At the moment, we typically do not hold on to the native objects, and so the pattern is to create a managed diff object, copy all the data in and then release the native object immediately. So we very quickly free the associated native memory. This is an approach that we're revisiting, but that's a detail that really doesn't matter to the marshalling.

Anyway, if you're asking for git_repository_workdir, then you get a pointer that is freed in git_repository_free. You don't get a copy of that string that you need to work with specially.

AArnott commented 8 years ago

Thanks. I think that's all I need at the moment. Have you had a chance to look at my branch, open it up in VS, and get a feel for how it works (with code gen, etc)?

AArnott commented 8 years ago

I've got the portable project building. No more compile errors. I haven't run tests yet.

Before I spend much more time on this, I'd like a pre-review of the changes as a course check so I'm not wasting time going in an unfruitful direction. Can a committer please sign up to take a look? I can file a PR for purposes of review and discussion if that's helpful.

ethomson commented 8 years ago

Sure, @AArnott , I'll try to take a look tomorrow evening.

AArnott commented 8 years ago

:eyes:

AArnott commented 8 years ago

Ping :)

AArnott commented 8 years ago

I've got all the tests passing for the desktop and portable libraries! (modulo the 3 that are already failing in master).

ethomson commented 8 years ago

Thanks for staying on top of this @AArnott . My Windows VM apparently konked out and I had to reinstall this weekend. (Fast ring of death?) In any case, I'm going to try to make some time for this again this weekend.

Side note: you have three tests failing in master? That's unexpected. Presumably some local configuration on your machine that we're failing to sandbox for correctly.
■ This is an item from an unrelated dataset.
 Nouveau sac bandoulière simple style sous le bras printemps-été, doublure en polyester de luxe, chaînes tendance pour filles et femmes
Would you be so kind as to open an issue?

AArnott commented 8 years ago

Bugs filed for failing tests: #1312 #1313 #1314

Thanks for looking.

pawchen commented 8 years ago

👍 , commenting to get notification.

AArnott commented 8 years ago

@diryboy you can just click the "Subscribe" button on the right.
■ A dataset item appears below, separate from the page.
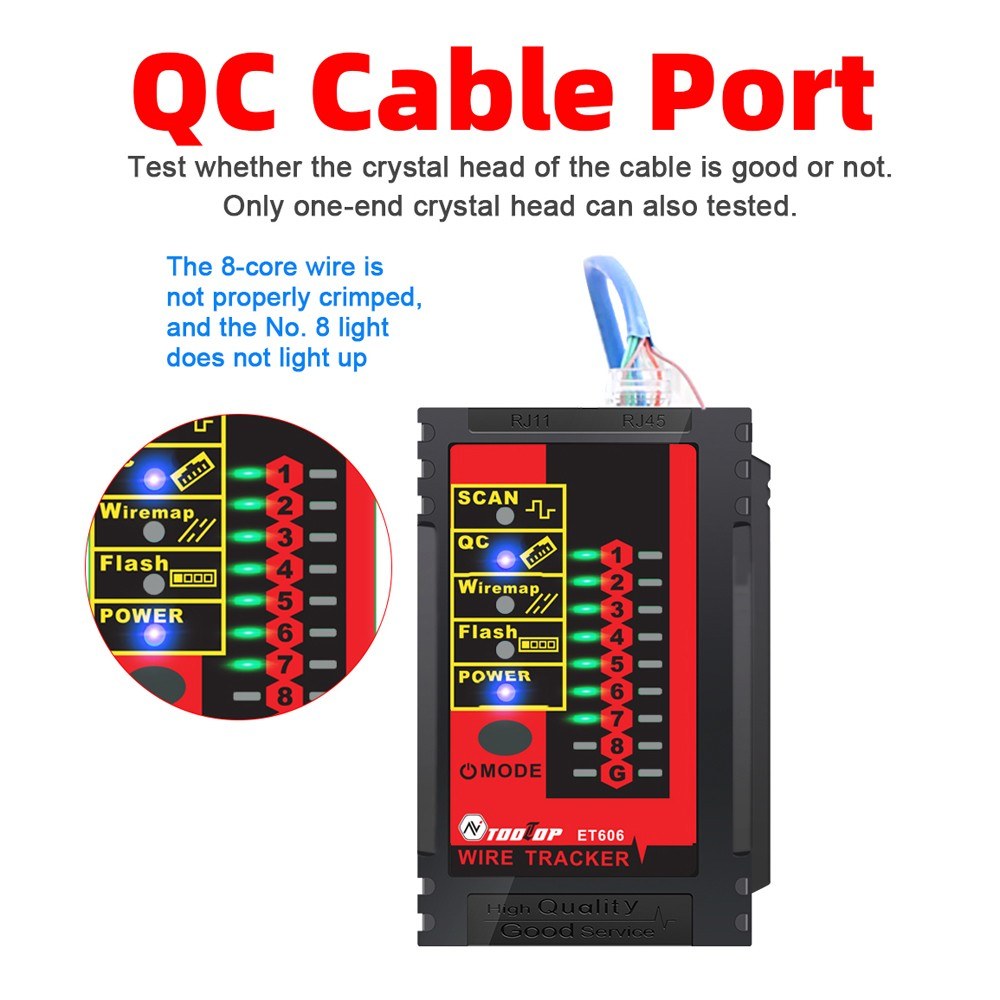 Handheld Network Cable Tester ET606 with POE Polarity, 60V Withstand Voltage, Low Battery Indicator & Auto Power Off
pawchen commented 8 years ago

@AArnott Thanks but that button would show 'Unsubscribe' if you already watched the repository, so I just don't trust it.

ah- commented 8 years ago

As part of this it would be nice to also distribute the native binaries in a new-style package, I created an issue here: https://github.com/libgit2/libgit2sharp.nativebinaries/issues/39

AArnott commented 8 years ago

@ah- that might be nice, but I wouldn't want to do it "as part of this" lest we make this already big project significantly bigger. Also, libgit2sharp currently supports older versions of VS (I believe) that don't support the new package layout. So adopting the new one would mean cutting off some users.

ah- commented 8 years ago

Yes, makes sense to do that bit later.

The new package layout is fully compatible without cutting off any users of old tooling if the build.props for them are adjusted to the new paths. But I see that this will require some actual testing, which can be done after this has been merged.

Jaykul commented 8 years ago

What ever happened to this? With PowerShell going cross-platform, I was looking for .NetStandard version of the library ;-)
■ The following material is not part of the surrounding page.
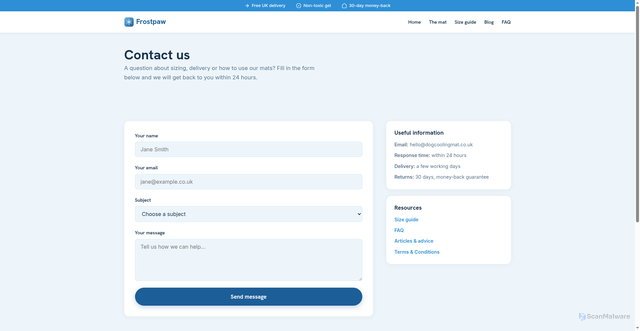 Security scan screenshot of https://dogcoolingmat-co-uk.pages.dev/contact/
shiftkey commented 8 years ago

@Jaykul it's in flight, but it's been a tough review to slog through so it's kind of stalled: https://github.com/libgit2/libgit2sharp/pull/1318

pdemro commented 8 years ago

Looking forward to this PR. Thank you for your efforts guys.

Trolldemorted commented 7 years ago

does this issue cover support for the W10 UWP, or should i open a new one?

Alxandr commented 7 years ago

Any updates on this?

bording commented 7 years ago

It's almost ready: https://github.com/libgit2/libgit2sharp/pull/1318

@ethomson wants to release another version first before we merge it in.